Roger Severino

Christ-like Character: Courage

I remember watching the opening scene of “Saving Private Ryan” several years ago when it first came out. I recall the horror of seeing these young men getting out of their seaborne crafts and thrown onto the beaches under fire of flying bullets. I put myself in the boots of those soldiers’ and felt the fear I imagine they experienced. I remember wondering if I could muster the courage to do what they did that day. Though I don’t glamorize that experience in any way, I noticed that there was a part of me that envied them. To be tested of one’s mettle and come out on the other side (for those who survived), that is the type of courage and character I would have liked to mark my life (or so I thought).

What is courage? Does it mean having ice water in your veins and never being afraid of anything? I don’t believe so. Courage is facing your fears and doing the right thing in spite of those fears.

I don’t have the temperament for extreme sports, bungee jumping, or parachuting out of airplanes for the thrill of it. Others do. But that’s not the point. These optional forms of entertainment are not at the heart of the virtue of courage. I think it takes more courage to fight for the health of your family, or pursue your spouse in the midst of the messiness of marriage than to have a thrill-seeking experience.

When we examine the character of Jesus displayed in the Gospels, is courage one of the traits we see? Without a doubt! We must move beyond a simplistic view of “gentle Jesus, meek and mild” and come to grips with the fortitude and daringness we see him display on the pages of Scripture.

Luke 9:51 says “When the days were coming to a close for Him to be taken up, he determined to journey to Jerusalem.”[1] A more literal translation might be he “set his face” toward Jerusalem. From the context, it is clear that the cross is what awaited him in Jerusalem. Jesus had a determined will to obey the Father though it involved rejection, suffering, and death. Do you and I have such resolve to do what is difficult when God has called us to do something?

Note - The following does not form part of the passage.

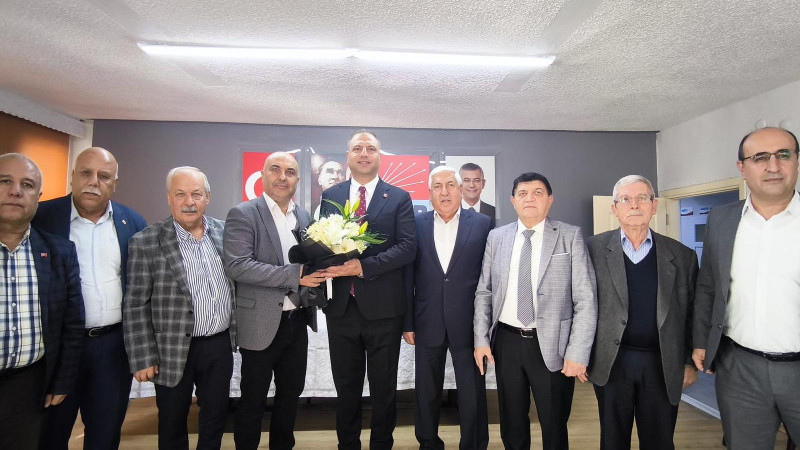 ODALARDAN CHP TARSUS İLÇE BAŞKANI YUSUF TIBIK’A HAYIRLI OLSUN ZİYARETİ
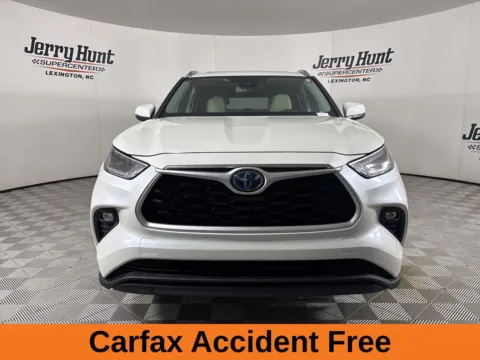 More photos of 2021 Toyota Highlander Hybrid XLE at Jerry Hunt Supercenter - Lexington, NC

Matthew 26:36-46 is one place in the Gospels that tell of Jesus’ anguished prayer in the Garden of Gethsemane the night he was betrayed. Whereas the first Adam had failed his temptation in the garden (see Genesis 3), the last Adam (Jesus) courageously faced a much greater testing in this garden to bypass the cross. The text says he was “deeply distressed” and “swallowed up in sorrow — to the point of death.” Jesus faced an experience deeply distressed, sorrowful, even horrified (see Mark 14:33). “My Father! If it is possible, let this cup pass from Me. Yet not as I will, but as You will.”[2] Three separate times Jesus prayed seeing if there was any other way, but there was not. So, courageously, he faced his fears and put himself in the hands of his betrayers, a sequence of events that led inexorably toward the cross.

What does courage look like in your life? What does it mean for you to do the right thing even though it is difficult? For some it may mean facing your addictions (i.e. prescription pills, shopping, alcohol, pornography, food, TV) and courageously battling toward freedom from your enslavement. For others, it may mean getting out of your comfort zone to pursue a new adventure God has for you. Whatever it is, may Jesus empower you to live a bold and courageous life to the glory of God and to the benefit of those around you desperately looking for courageous men and women who make costly, right choices.

[1] The Holy Bible: Holman Christian Standard Version. (Nashville: Holman Bible Publishers, 2009), Lk 9:51.
[2] The Holy Bible: Holman Christian Standard Version. (Nashville: Holman Bible Publishers, 2009), Mt 26:39.